Nebraska fired Scott Frost the next morning.

The Receipts

The Sun Belt collected $4.18 million in guarantee game checks that Saturday. Marshall got $1.25 million. Georgia Southern got $1.43 million. App State got $1.5 million.

They were paid to lose. They won instead.

Marshall’s Charlie Huff knew it was coming.

“In house, no disrespect to Notre Dame, in house, we expected it,” Huff told reporters. “Because we talked about this summer being a team that expects to win every time we touch the field.”

App State’s Shawn Clark didn’t pretend the programs were equals. He just pointed out that equality wasn’t a prerequisite.

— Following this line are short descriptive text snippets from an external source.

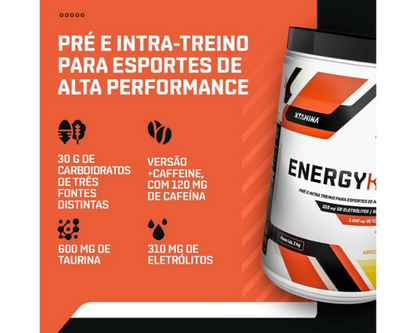 Energy Kick 1000g Dux Nutrition
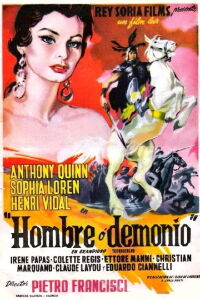 Atila: Hombre o demonio (1954)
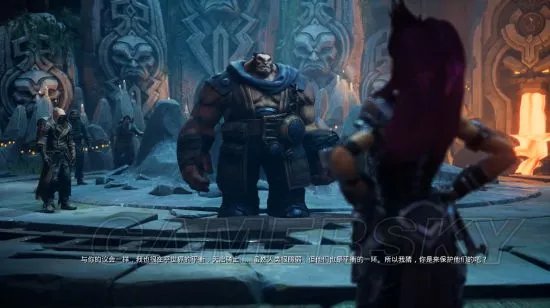 《暗黑血统3》武器锻造系统功能简介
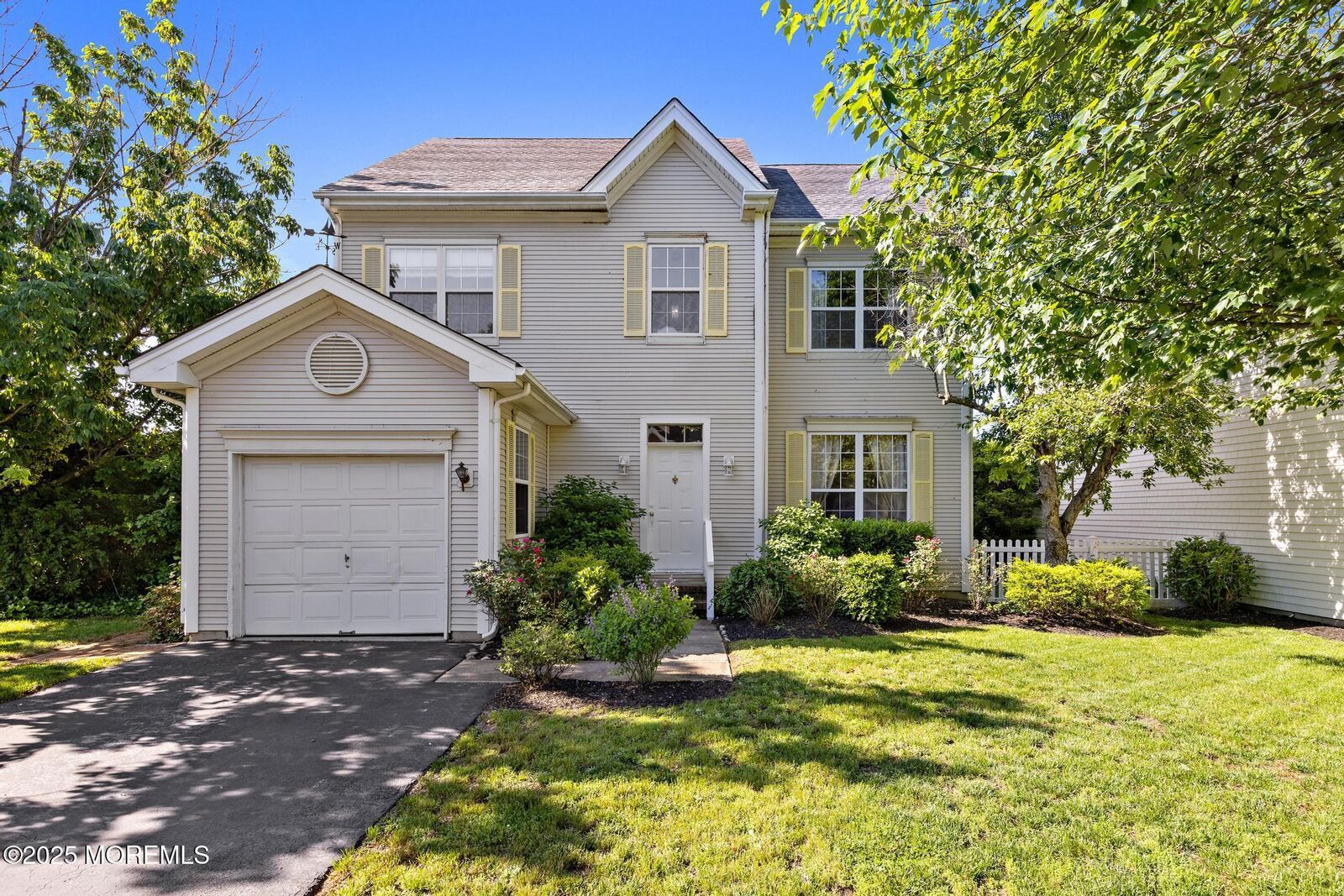 Property Photo: 2060 Benjamin Circle NJ 07719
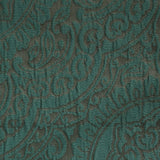 Jacquard Medallion Drapery Fabric 110" Width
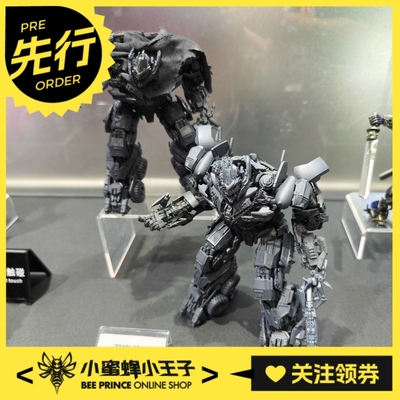 先行预定定金 YoloPark  变形金刚3 月黑之时 威震天御天敌擎天柱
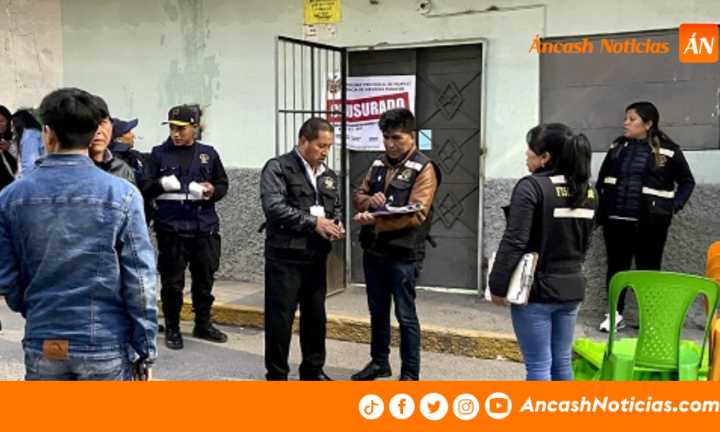 Seis agresiones a fiscalizadores en Huaraz durante 2025; última con botella rota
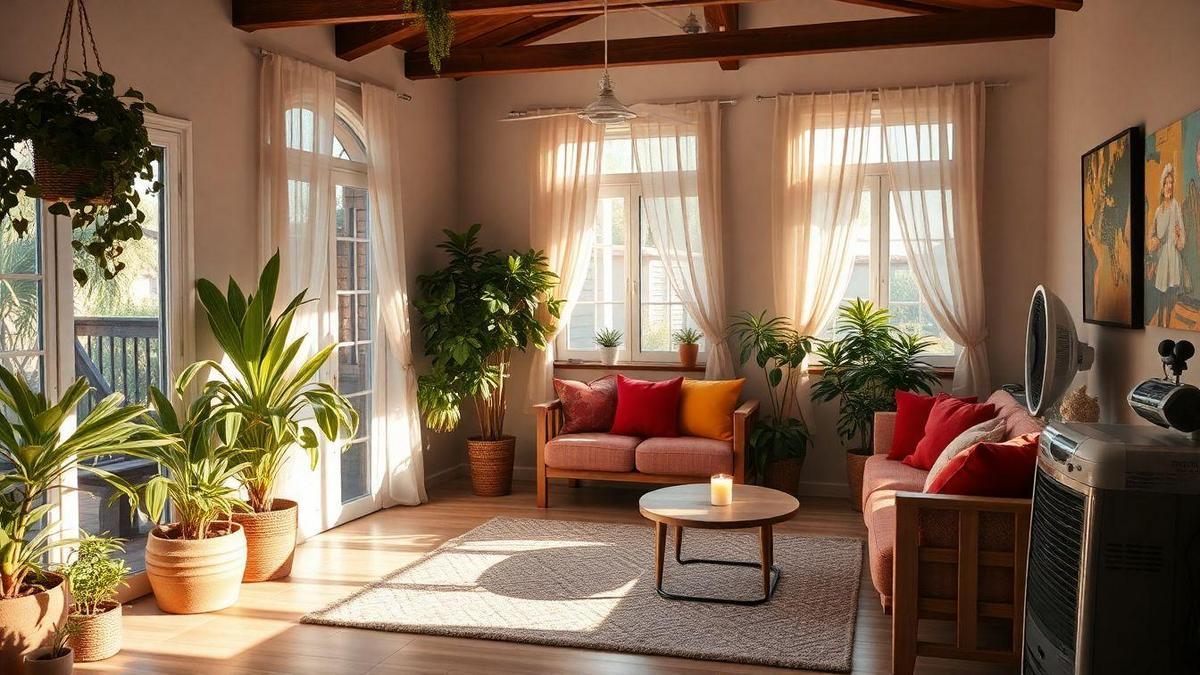 Dicas de Decoração para Prevenir Pernilongos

“It means something to me to beat the No. 6-ranked program,” Clark said. “It’s two different programs. We don’t recruit at the same level. We don’t have what they have, but we have a lot of heart and we have the right kind of players in our program.”

What Made It Possible

That summer, Sun Belt Commissioner Keith Gill looked at his newly expanded league and said it plainly: “Now, this year, the best non-autonomy FBS conference just got better.”

The Sun Belt had added four football programs ahead of 2022 — Marshall, James Madison, Old Dominion and Southern Miss. Marshall, the team that just walked into Notre Dame Stadium and left with a victory, was in its first season as a Sun Belt member.

But the foundation had been built years earlier. The Sun Belt added Appalachian State and Georgia Southern from the FCS in 2014 and Coastal Carolina in 2016. App State had won three consecutive FCS national championships. Georgia Southern had won six. The conference wasn’t collecting castoffs. It was recruiting proven winners.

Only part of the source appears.